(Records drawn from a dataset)
>>

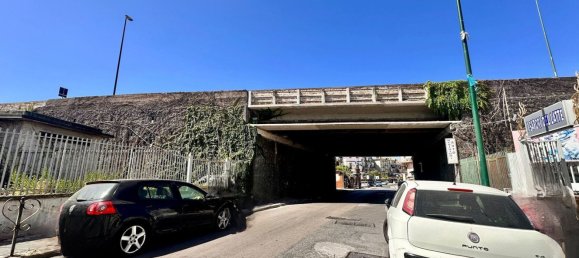 Gewerbliche Immobilie in Naples, Italy 27m², Nr. 325234 10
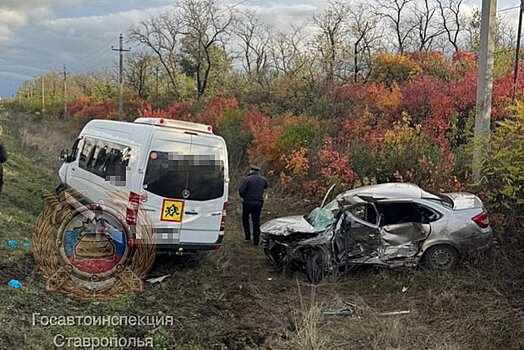 Микроавтобус с детьми столкнулся с легковым автомобилем в российском регионе
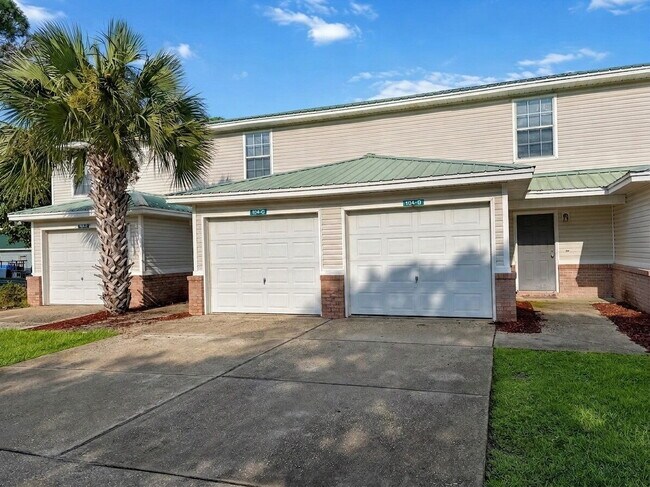 Foto del edificio - "Charming 2-Bed Townhouse Oasis - Prime Fort Walton Beach Location!"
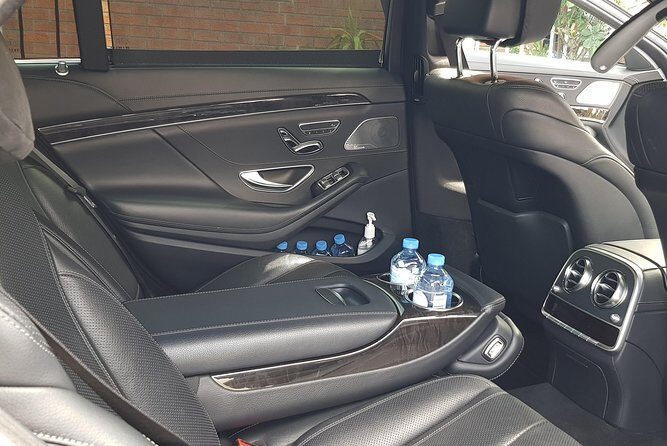 Luxury Private Airport Transfer Melbourne - What the Experience Looks Like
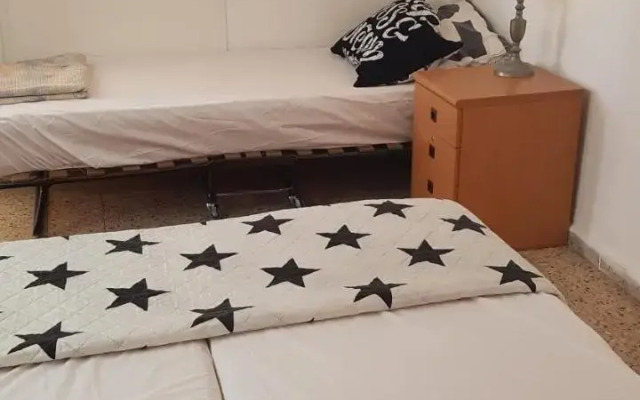 Roof APT W terrace garden,1BR 1BA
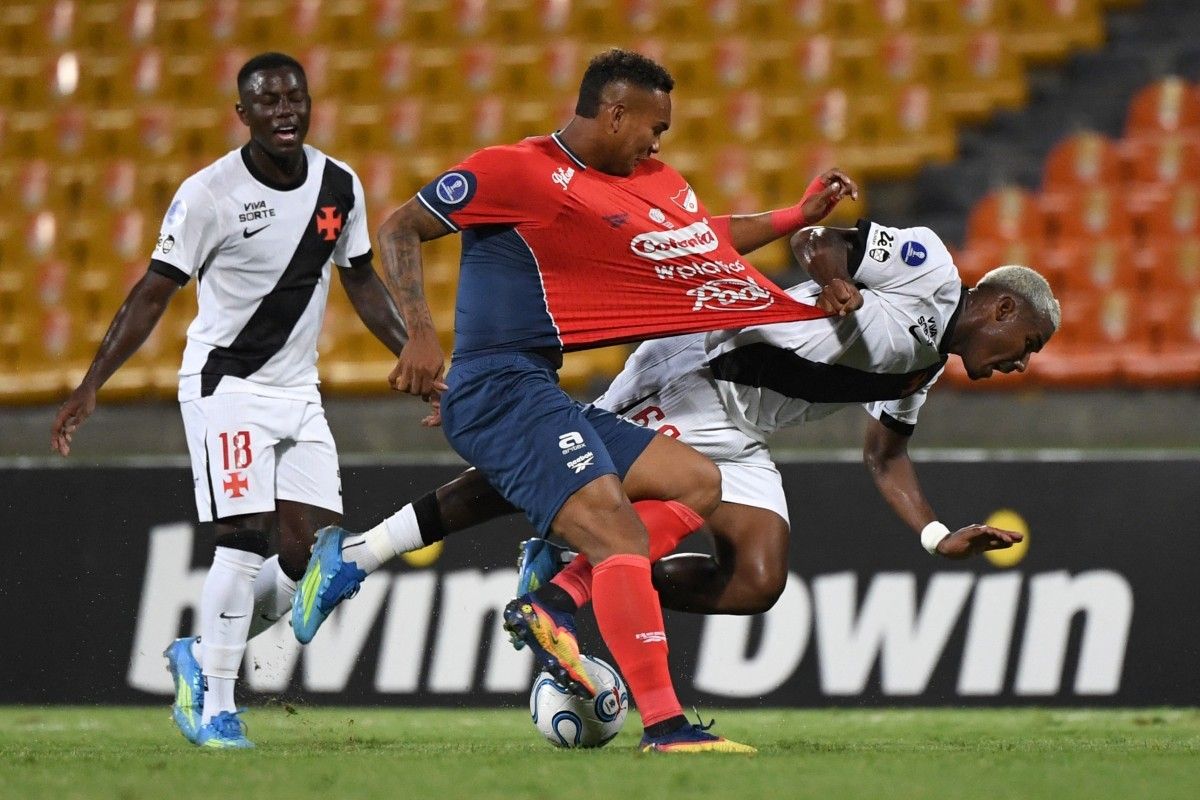 Jogadores do Vasco em lance durante o jogo contra Independiente Medellín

<<

● WHAT TO PRODUCE:
Restate word for word the lines running from the one with "Микроавтобус с детьми" to the end of the entries; pictures are to be left out.

● FINISHED TASK:
 Микроавтобус с детьми столкнулся с легковым автомобилем в российском регионе
 Foto del edificio - "Charming 2-Bed Townhouse Oasis - Prime Fort Walton Beach Location!"
 Luxury Private Airport Transfer Melbourne - What the Experience Looks Like
 Roof APT W terrace garden,1BR 1BA
 Jogadores do Vasco em lance durante o jogo contra Independiente Medellín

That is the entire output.